Not only is it the third largest export sector (last year it exported $6.3b worth of goods and services or nine per cent of the total), it contributes $16.2b to the gross domestic product (GDP) or eight per cent of the total.
There are more than 28,000 tech sector firms operating in the country employing almost 100,000 people. The report says the sector also has on average higher paid and better qualified employees than all other industry sectors.
"It is well known that the tech sector represents an enormous opportunity for New Zealand and is a sector where the country can really achieve success on the world stage," says Wixon. "We are seeing so many great ideas with good people in behind, and it would seem to be the sector with the highest export growth potential."
He says Modica is a great example of a high growth tech sector business and is succeeding both domestically and offshore, meaning more employment and income for New Zealand.
Wixon says while tech companies do not face many of the limitations traditional businesses have when expanding overseas (transporting physical products), capital and talent can be major challenges.
"Clearly capital is one area where we may be able to help; but we are constantly evolving and looking at ways to help, such as connecting good people in what is a highly collaborative sector, helping businesses with export opportunities and providing expertise in areas like off-shore cash flows and risk mitigation."
Wixon says if a business doesn't have tangible assets, the bank will look at cash flow and work to understand 'who' is behind the business and 'why' it exists'.
"It is also critical to gain a deep understanding of their revenue model, their customer base, their competitors and in Modica's case, their ability to really scale revenue globally against a fixed costs base using their cloud based platform.

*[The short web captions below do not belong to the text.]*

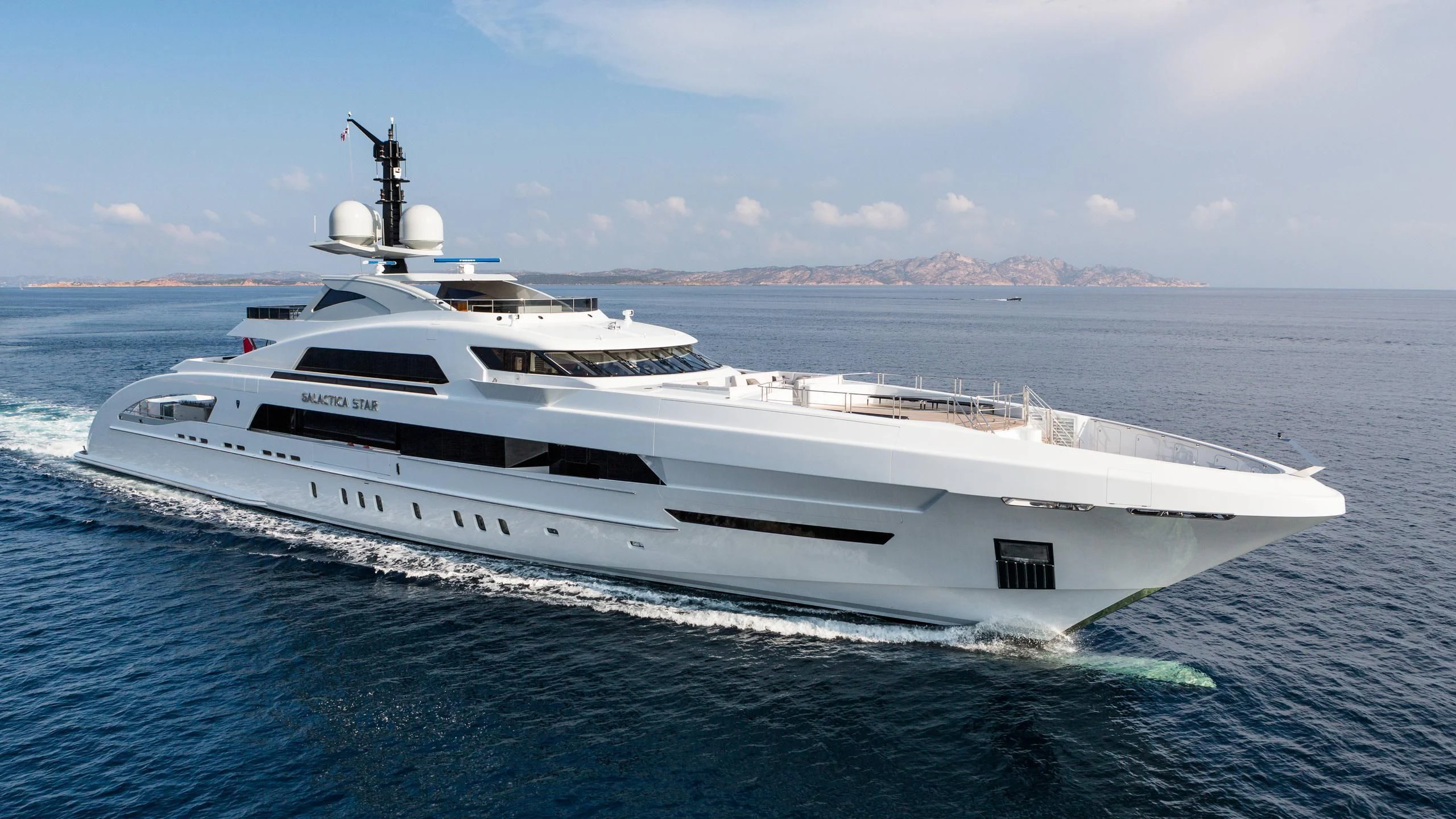 a white yacht in the water aboard ILLUSION Yacht for Sale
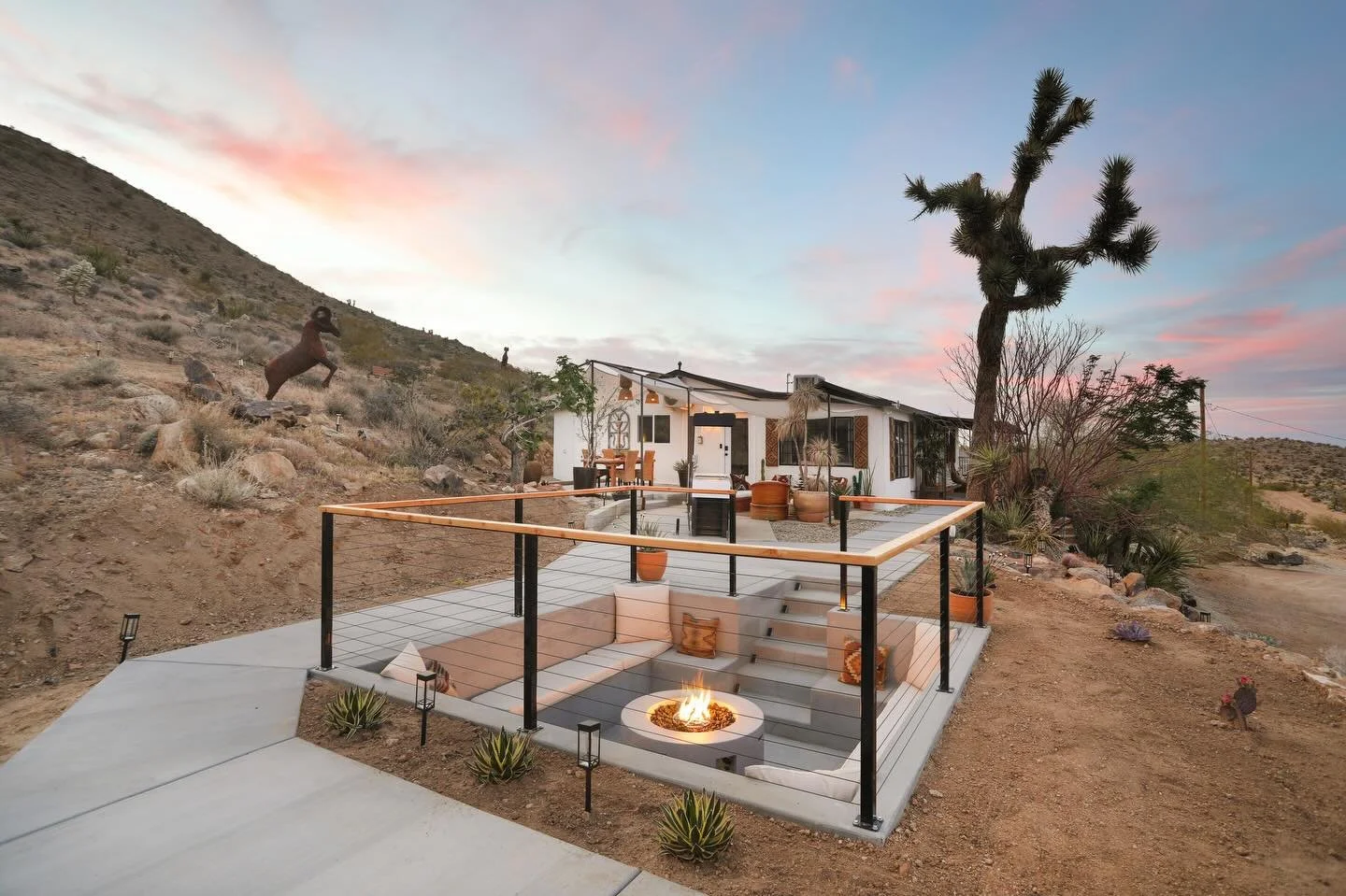 Absolutely loving this 2 bedroom, 2 bathroom short term rental near Joshua Tree National Park. From the in-ground fire pit and cozy seating area to the hot tub, scenic mountain trails, and thoughtfully designed interior - every detail makes this prop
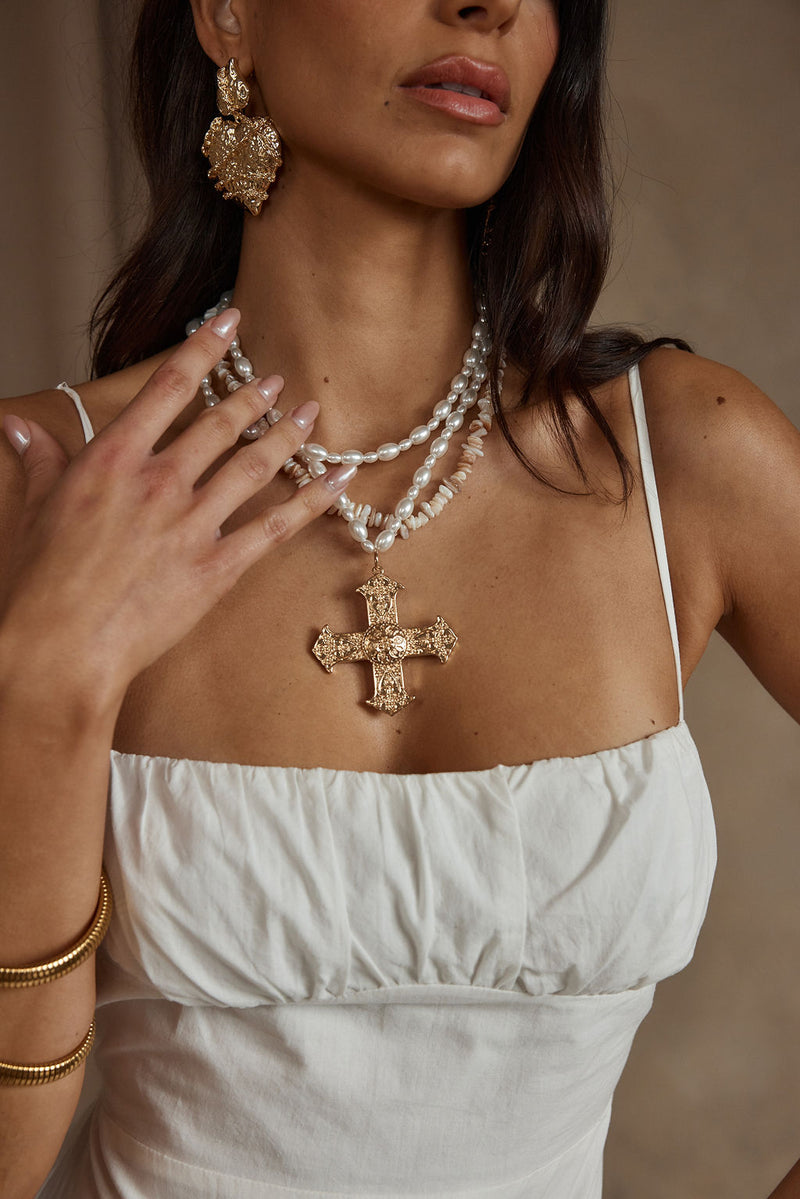 Detail shot of the Angelica Gold Pearl Cross Statement Necklace highlighting the pearl elements.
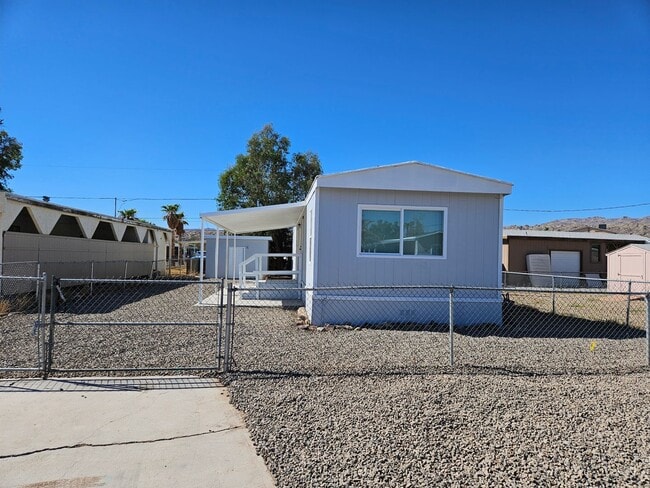 Building Photo - First Month Free!! Remodeled and Cute Manufactured Home in Central BHC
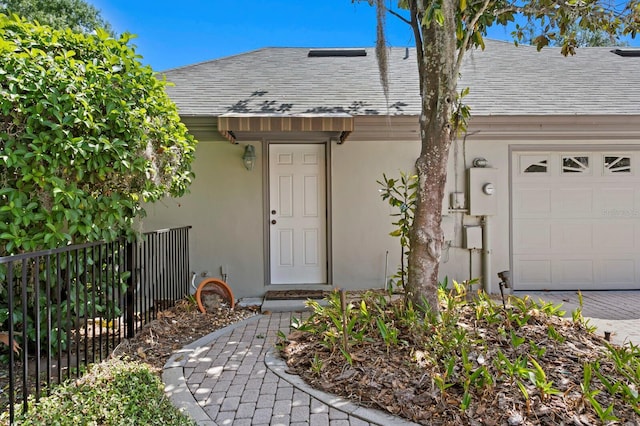 view of exterior entry featuring an attached garage, stucco siding, roof with shingles, and fence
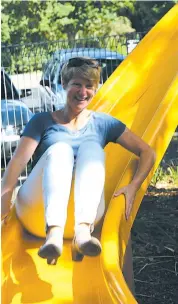  ??  ?? Prue Metcalfe tests the slide on Oak Street kindergart­en’s new treehouse, which she helped design. See the full story on page 33.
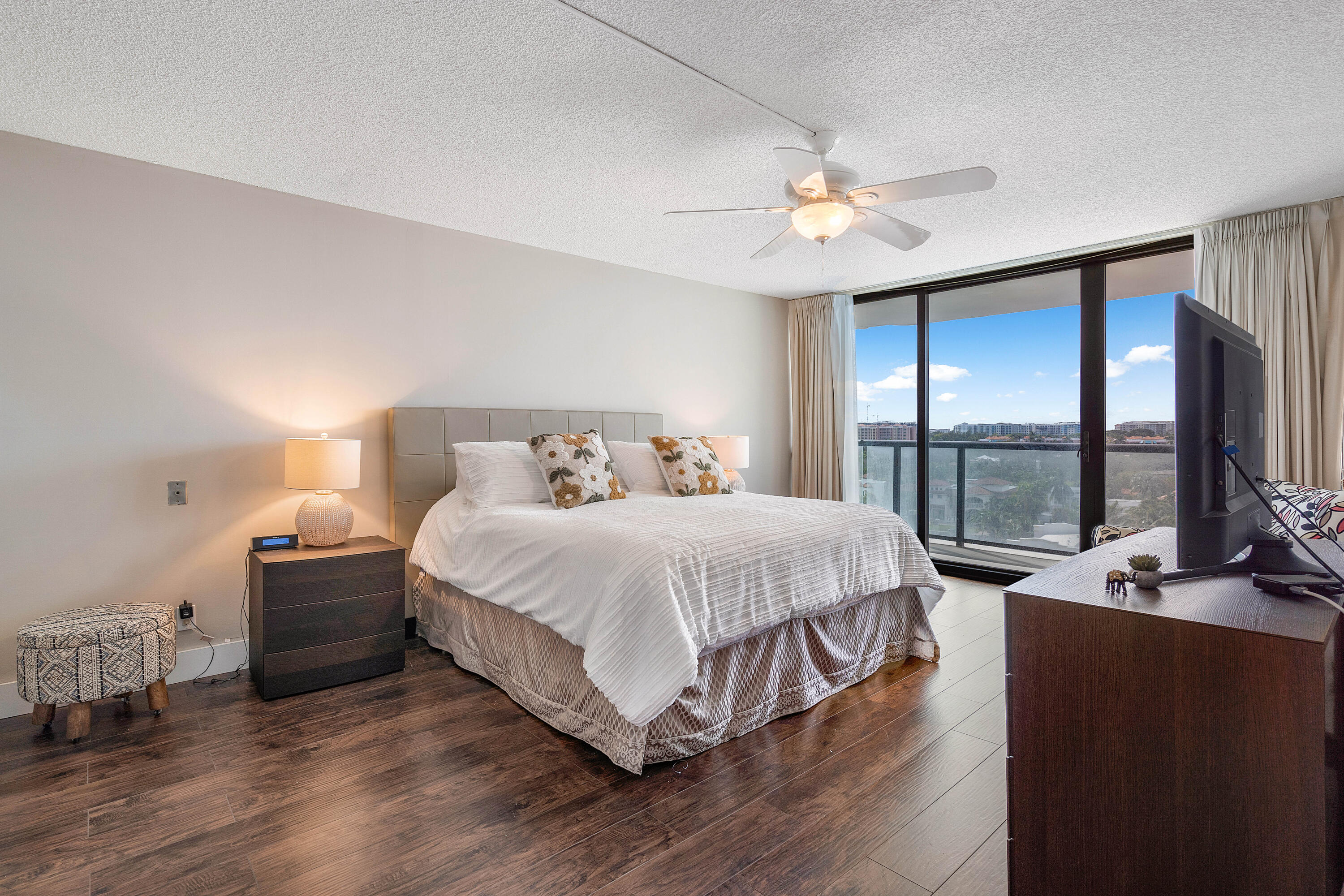 250 South Ocean Boulevard, Unit 7E Boca Raton, FL 33432 - Photo 22 of 45 a bedroom with a large bed and a chandelier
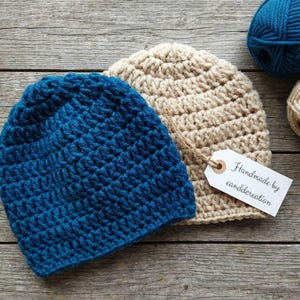 May include: Two handmade crochet beanies in blue and beige, with a crochet hook and yarn balls. The blue beanie is on the left, and the beige beanie is on the right. A tag reads "Handmade by eanddercreation".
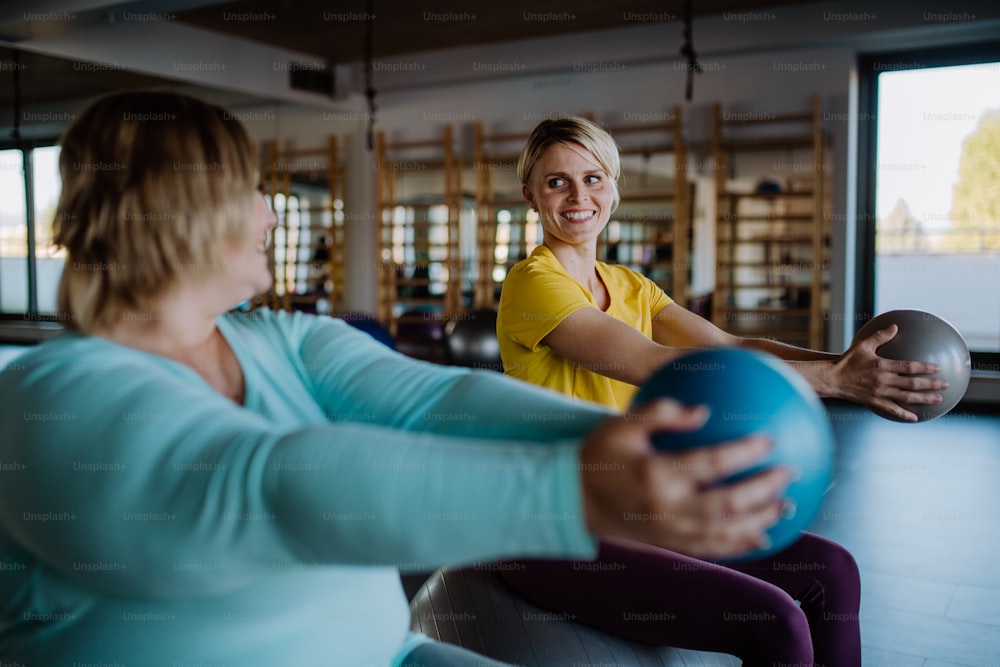 A happy overweight woman sitting on fintess ball and exercising with personal trainer in gym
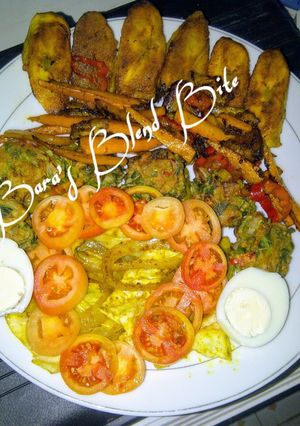 A picture of Indian green flour balls, grilled plantain curry rolled potatoes, glazed spicy carrots strips.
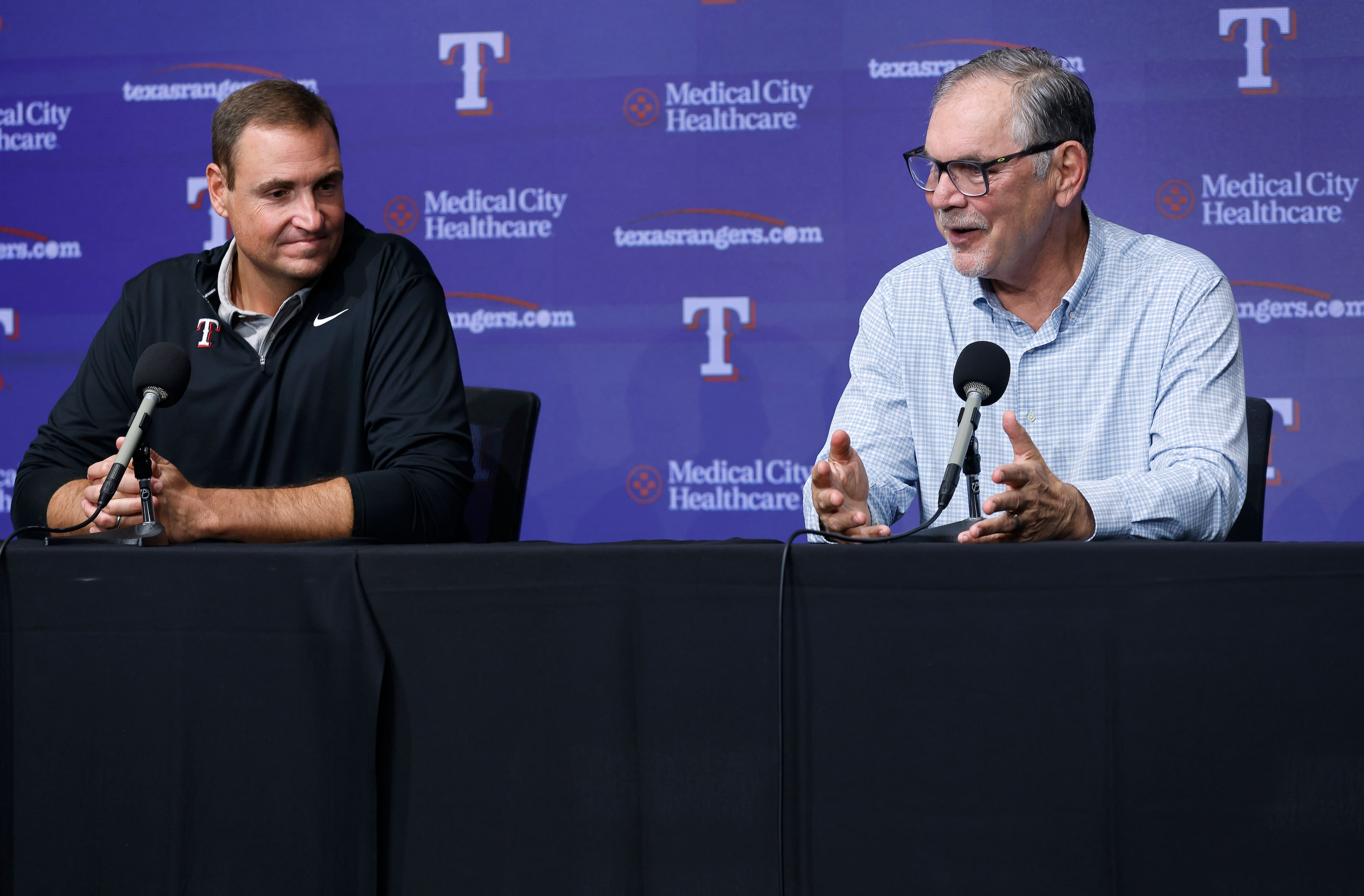 Alongside general manager Chris Young (left), Texas Rangers manager Bruce Bochy responds to...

"We make sure we understand the key drivers of the business: the business model, the growth potential, the people, intangible asset protection their advisers and their governance," he says.
"We like seeing the founders playing a key role in the business, and we look at the dynamics of the people involved in the business and those operating it, whether there is that creative spark and healthy debate that drives progress."
Wixon says lending to tech operators or businesses with intangible assets is not unique to New Zealand. He points to Singapore as an example of where its Central Bank appears to be progressive in terms of lending against intangible assets.
However Wixon says he believes there is a key distinction between the concept of straight lending against intangible assets regardless of cashflow and the Modica case, where the BNZ looked at the company's cash flow and revenue model in considerable detail.
Modica's CEO Stuart Wilson says a key component for success was strong cash flow modelling in a language bankers understand.
Modica is aiming to re-define the global intelligent messaging market and has operations in Australia, South-East Asia, the Dominican Republic and the US, and connectivity to every mobile handset globally. Enterprise Messaging Services (EMS) could potentially replace email as the dominant communication method for businesses seeking a faster, more secure and interactive way of reaching everyone from customers to partners.
Its strategy sees it moving away from being just a text message provider into the realm of becoming a 'smart partner' to mobile operators globally.
Already the everyday operations of many enterprises in Australia and New Zealand now heavily rely upon Modica SMS services to secure transactions to customers and other organisations - as well as providing fast, cost effective customer service information on a daily basis.